Business Services Industry
Second Quarter Earnings Double at Bank of Florida Corp
Business Wire, July 26, 2007
Loan Growth and Asset Quality Remain Strong; Old Florida Acquisition Immediately Accretive to Earnings per Share
NAPLES, Fla. -- Bank of Florida Corporation (Nasdaq:BOFL), a $1.3 billion-asset multi-bank holding company based in Naples, Florida, today reported net income of $1.2 million for second quarter 2007, up 125% over the same period last year. Earnings per diluted share were $0.10, a 43% increase over second quarter 2006, with approximately 4.4 million more in average shares outstanding. The increase in shares outstanding includes the combined issuance of 3.7 million common shares for acquisitions in the past 11 months (Old Florida Bankshares, Inc. in April 2007 and Bristol Bank in August 2006), with an additional 2.9 million shares in a May 2006 public offering.
For the first six months of 2007, net income reached $2.1 million or $0.19 per diluted share, up 121% and 36%, respectively, over the same 2006 period. Compared to first quarter 2007, second quarter net income increased 43%, while diluted earnings per share rose $0.01 or 11%. For both second quarter 2007 and year-to-date, the growth in top-line revenue (a non-GAAP measure which the Company defines as net interest income plus noninterest income, excluding net securities gains/losses) exceeded the growth in noninterest expense, signifying continued positive operating leverage.
Michael L. McMullan, Bank of Florida Corporation's CEO and President, stated, "This was truly a formative quarter for Bank of Florida Corporation, with the closing on April 24 of the $283-million-asset Old Florida Bankshares, Inc. ("Old Florida") acquisition, the second and largest acquisition in our nine-year history. At nearly $1.3 billion in total assets across our three banking subsidiaries and trust company, we are now the fourth largest publicly-traded commercial bank holding company in Florida based on market capitalization.
"In addition, we have been engaged in integration planning of the Old Florida acquisition since September of 2006. This system conversion will occur over the next couple of months and is expected to improve operating productivity and customer service company-wide, as well as reduce redundant computer costs and bring additional fee-generation opportunities. Further savings are scheduled, including the closing of a branch facility in South Lee County, which is located in the same shopping center as our recently opened Bonita Springs branch, and the merging of our two operations centers.

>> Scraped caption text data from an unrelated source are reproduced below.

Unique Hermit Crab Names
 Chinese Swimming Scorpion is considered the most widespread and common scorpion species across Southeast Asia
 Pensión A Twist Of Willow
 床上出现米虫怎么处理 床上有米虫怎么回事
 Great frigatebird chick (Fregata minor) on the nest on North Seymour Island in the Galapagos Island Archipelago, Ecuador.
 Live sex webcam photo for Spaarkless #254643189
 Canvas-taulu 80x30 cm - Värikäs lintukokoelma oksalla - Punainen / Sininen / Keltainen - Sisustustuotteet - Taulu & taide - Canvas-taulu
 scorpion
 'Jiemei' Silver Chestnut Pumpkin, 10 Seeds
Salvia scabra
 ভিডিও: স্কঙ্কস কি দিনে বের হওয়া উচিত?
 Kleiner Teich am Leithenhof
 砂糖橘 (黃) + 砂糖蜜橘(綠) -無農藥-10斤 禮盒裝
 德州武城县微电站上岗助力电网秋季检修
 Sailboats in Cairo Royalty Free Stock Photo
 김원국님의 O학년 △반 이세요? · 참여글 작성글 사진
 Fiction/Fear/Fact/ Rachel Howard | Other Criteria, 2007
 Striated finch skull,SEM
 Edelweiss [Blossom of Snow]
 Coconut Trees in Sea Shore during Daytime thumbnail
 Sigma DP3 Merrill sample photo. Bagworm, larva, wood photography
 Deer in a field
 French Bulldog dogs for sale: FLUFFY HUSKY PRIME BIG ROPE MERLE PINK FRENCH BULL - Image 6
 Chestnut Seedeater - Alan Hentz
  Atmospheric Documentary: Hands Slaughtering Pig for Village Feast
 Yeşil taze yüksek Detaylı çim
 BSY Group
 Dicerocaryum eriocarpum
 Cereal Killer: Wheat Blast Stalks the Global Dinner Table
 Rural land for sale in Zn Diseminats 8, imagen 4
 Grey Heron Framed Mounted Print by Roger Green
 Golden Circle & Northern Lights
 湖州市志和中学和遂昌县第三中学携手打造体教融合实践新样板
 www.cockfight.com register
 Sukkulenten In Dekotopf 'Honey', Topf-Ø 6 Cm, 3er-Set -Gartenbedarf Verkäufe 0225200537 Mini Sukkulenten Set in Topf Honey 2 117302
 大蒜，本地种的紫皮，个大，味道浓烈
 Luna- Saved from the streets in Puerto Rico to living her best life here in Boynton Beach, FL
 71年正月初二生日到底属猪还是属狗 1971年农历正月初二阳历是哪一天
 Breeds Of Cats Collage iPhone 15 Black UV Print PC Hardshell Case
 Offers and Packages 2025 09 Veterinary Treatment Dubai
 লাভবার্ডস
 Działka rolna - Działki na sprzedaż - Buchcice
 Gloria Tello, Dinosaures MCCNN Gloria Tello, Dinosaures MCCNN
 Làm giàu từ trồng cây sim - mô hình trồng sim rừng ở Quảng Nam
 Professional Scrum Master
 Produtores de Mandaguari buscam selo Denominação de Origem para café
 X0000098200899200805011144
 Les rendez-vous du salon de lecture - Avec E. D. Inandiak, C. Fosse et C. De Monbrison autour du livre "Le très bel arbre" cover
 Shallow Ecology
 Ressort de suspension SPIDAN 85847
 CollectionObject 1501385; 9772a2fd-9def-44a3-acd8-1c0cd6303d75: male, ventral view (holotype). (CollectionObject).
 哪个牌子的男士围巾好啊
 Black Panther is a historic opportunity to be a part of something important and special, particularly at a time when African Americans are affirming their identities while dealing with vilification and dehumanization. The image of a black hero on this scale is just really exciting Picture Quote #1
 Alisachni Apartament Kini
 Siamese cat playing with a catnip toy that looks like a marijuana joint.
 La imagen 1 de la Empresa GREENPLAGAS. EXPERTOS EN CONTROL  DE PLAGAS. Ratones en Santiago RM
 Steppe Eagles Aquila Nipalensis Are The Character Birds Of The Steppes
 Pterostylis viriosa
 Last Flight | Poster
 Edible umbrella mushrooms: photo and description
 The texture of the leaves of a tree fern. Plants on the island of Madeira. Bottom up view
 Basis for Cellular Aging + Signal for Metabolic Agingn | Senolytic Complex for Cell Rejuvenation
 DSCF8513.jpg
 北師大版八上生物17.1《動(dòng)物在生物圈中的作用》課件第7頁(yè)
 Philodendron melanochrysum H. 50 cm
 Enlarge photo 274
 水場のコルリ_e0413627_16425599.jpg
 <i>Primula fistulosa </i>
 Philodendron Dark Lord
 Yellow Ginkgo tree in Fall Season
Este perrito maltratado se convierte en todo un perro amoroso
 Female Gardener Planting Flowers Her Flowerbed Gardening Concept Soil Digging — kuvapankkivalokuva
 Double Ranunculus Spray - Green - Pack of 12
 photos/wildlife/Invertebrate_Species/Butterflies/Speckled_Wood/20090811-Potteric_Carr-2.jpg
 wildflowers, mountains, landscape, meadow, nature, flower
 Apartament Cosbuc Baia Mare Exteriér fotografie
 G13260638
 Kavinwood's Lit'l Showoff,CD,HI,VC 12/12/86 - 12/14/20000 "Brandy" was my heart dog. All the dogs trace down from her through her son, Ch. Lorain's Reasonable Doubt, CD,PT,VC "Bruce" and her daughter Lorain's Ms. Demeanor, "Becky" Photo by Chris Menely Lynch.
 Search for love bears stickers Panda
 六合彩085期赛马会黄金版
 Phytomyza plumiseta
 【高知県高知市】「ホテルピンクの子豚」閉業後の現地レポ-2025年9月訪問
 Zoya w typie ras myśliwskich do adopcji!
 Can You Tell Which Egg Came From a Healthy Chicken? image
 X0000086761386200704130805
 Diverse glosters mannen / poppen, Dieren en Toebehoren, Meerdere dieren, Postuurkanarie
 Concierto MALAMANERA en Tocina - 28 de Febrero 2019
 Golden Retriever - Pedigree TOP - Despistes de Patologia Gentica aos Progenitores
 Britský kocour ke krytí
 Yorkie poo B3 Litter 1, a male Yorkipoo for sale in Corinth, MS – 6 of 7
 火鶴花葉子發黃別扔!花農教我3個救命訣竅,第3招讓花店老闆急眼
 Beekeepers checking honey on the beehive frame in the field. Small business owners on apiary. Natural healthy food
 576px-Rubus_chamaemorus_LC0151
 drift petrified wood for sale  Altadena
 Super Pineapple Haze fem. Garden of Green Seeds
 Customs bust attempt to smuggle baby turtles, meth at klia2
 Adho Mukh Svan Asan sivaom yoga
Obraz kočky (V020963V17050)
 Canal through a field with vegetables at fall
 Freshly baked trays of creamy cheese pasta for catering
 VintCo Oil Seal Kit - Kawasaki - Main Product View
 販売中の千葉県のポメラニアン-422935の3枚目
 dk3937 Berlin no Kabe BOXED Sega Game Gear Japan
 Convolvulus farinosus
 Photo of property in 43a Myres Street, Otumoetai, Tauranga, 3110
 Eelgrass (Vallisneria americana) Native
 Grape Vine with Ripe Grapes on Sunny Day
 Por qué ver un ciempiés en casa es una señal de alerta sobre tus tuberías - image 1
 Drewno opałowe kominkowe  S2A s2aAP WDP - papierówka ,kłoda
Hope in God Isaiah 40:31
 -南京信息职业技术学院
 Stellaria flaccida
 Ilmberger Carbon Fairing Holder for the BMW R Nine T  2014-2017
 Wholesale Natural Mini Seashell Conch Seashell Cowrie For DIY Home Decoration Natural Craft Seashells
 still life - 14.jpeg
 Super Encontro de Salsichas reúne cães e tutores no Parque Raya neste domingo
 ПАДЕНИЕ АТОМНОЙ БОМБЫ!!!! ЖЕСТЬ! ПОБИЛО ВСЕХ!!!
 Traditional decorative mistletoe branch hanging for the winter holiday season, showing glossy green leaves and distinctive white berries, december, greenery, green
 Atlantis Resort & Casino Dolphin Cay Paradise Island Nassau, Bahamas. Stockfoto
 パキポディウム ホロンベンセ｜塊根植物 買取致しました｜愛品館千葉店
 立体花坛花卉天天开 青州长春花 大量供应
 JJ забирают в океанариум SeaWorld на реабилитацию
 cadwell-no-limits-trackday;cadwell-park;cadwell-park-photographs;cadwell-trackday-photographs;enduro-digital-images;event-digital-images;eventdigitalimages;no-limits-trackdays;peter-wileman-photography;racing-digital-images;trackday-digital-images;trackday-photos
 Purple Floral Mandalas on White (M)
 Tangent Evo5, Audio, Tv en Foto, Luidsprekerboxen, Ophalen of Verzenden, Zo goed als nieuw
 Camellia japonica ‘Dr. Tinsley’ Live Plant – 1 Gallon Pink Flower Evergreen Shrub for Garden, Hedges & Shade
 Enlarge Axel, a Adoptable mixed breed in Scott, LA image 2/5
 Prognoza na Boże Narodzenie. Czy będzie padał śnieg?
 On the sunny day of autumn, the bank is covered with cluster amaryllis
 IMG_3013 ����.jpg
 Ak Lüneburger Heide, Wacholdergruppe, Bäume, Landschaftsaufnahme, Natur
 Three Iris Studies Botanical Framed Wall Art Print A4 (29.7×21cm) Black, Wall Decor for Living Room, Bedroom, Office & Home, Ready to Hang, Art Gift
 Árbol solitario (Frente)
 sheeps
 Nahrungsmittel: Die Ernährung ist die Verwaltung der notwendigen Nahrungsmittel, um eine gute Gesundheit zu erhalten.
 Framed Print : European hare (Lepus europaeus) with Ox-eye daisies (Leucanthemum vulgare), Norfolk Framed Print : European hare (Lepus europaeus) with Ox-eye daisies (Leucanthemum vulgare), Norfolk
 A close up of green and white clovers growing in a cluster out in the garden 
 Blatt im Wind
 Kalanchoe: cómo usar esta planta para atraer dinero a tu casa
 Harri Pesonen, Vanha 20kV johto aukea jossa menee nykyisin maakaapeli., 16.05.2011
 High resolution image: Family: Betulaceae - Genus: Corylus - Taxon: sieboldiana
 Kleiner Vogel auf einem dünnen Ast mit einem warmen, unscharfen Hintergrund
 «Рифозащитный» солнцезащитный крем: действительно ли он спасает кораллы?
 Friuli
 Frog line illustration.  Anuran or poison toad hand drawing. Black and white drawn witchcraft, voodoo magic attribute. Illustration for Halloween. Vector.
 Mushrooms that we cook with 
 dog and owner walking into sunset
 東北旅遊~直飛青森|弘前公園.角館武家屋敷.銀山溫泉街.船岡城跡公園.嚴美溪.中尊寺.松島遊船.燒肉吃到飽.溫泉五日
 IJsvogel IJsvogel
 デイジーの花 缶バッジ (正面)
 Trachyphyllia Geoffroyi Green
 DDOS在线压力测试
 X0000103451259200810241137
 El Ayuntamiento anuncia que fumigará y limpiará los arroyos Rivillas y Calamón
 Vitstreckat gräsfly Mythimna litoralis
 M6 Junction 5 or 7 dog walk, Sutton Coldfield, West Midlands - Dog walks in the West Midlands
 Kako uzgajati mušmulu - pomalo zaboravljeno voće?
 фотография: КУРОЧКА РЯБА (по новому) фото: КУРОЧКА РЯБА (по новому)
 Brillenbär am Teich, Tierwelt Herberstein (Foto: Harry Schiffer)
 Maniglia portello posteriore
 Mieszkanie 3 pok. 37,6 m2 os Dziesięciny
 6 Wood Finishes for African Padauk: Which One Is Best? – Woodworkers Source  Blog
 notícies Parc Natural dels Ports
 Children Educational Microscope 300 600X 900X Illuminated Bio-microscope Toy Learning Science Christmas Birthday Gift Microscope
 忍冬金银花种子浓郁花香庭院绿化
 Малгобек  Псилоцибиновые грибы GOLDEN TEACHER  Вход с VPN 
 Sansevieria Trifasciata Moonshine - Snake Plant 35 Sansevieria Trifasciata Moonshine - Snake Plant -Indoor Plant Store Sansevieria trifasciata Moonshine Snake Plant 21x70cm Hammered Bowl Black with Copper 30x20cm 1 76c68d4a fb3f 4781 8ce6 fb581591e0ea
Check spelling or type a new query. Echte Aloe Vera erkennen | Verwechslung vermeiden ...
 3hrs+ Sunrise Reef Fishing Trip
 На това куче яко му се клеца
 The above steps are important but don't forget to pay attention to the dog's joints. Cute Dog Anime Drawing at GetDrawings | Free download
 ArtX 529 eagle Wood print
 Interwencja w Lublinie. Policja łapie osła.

"At the same time, earning asset generation continued briskly during the quarter. From an organic growth (which the Company defines as growth on assets excluding the impact of acquisitions) perspective, the Company increased loans $68 million during the quarter, the largest increase in our history and well on our way to 25% growth for the year. The remaining $207 million increase in loans was driven by the Old Florida acquisition. Over the past 12 months, excluding both the Old Florida and Bristol Bank acquisitions, loans have risen $217 million or 36%, indicative of the continuing strength and diversity of our geographic markets."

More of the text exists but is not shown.